## What is being asked
Exactly as written, output each of the lines below, with no images.

## Records for the task
------------------------------------
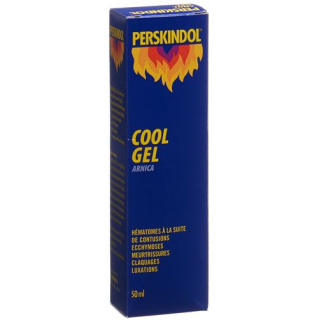 Cool Perskindol gel de árnica Tb 50 ml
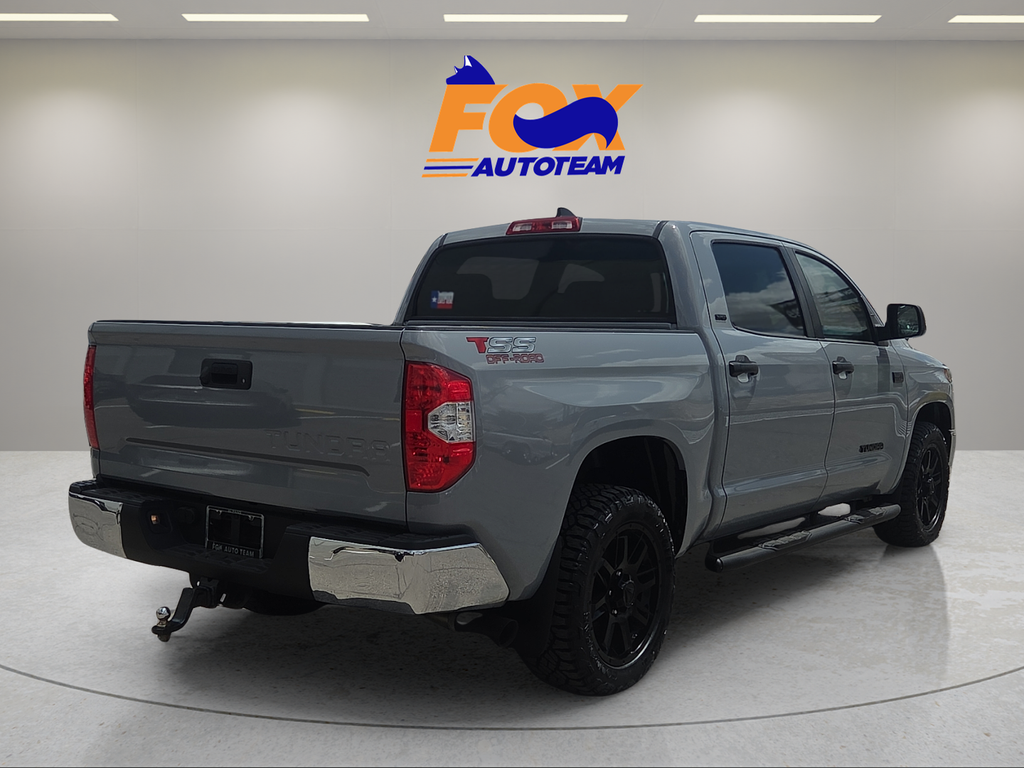 2021 Toyota Tundra SR5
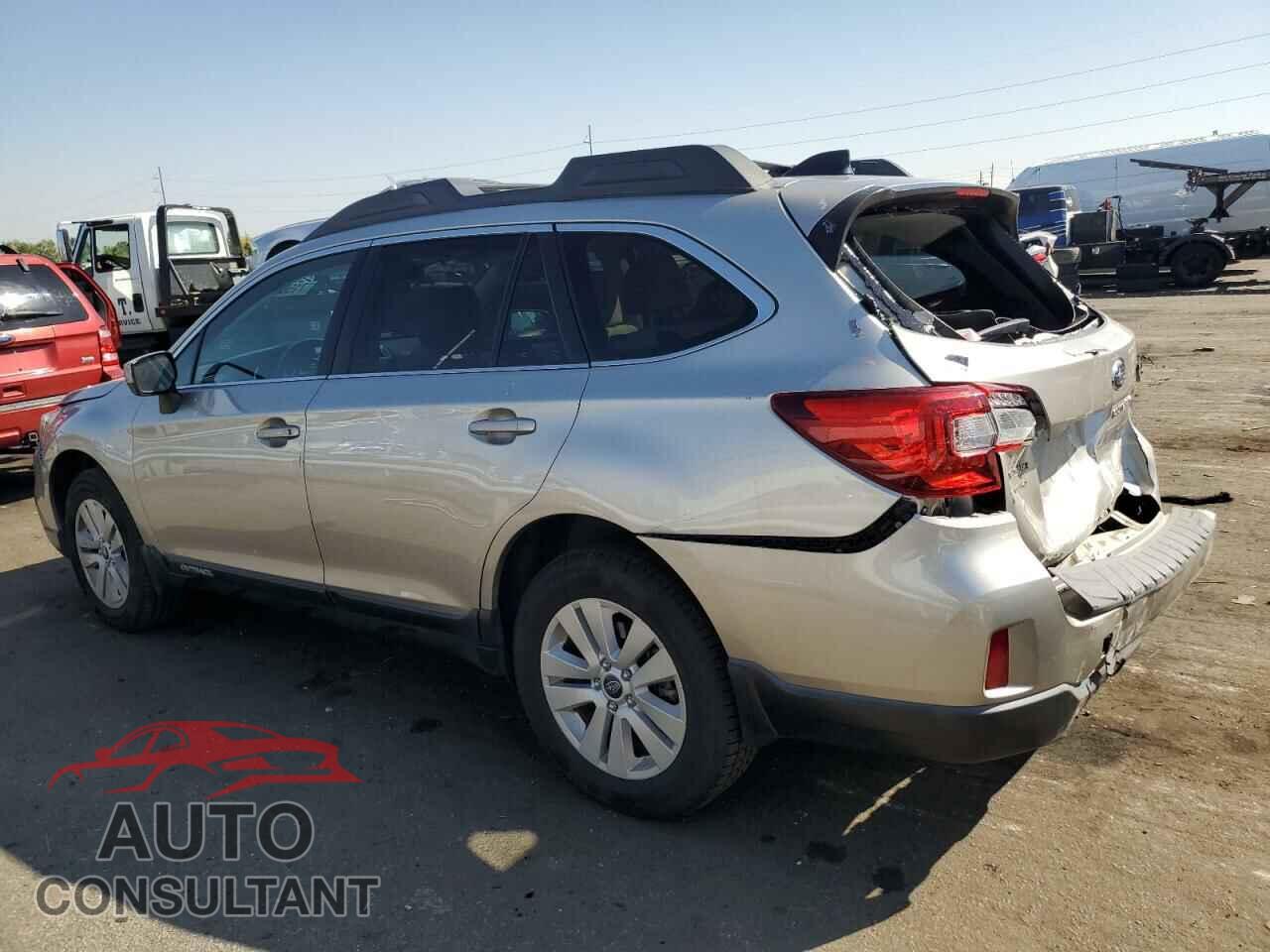 SUBARU OUTBACK 2016 - 4S4BSBCC0G3257622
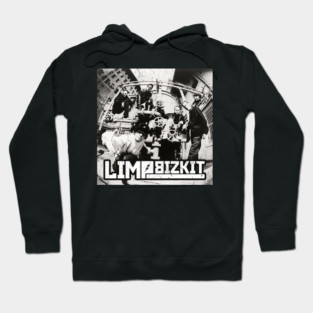Limp Bizkit Band Hoodie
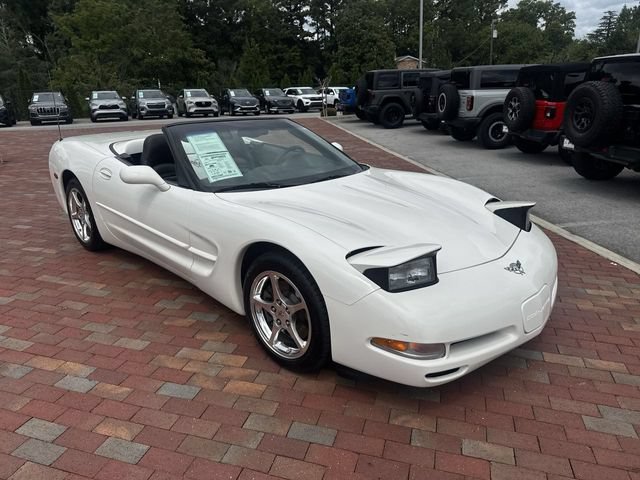 Used 2003 Chevrolet Corvette Convertible RWD image 29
------------------------------------
## Answer box
 Cool Perskindol gel de árnica Tb 50 ml
 2021 Toyota Tundra SR5
 SUBARU OUTBACK 2016 - 4S4BSBCC0G3257622
Limp Bizkit Band Hoodie
 Used 2003 Chevrolet Corvette Convertible RWD image 29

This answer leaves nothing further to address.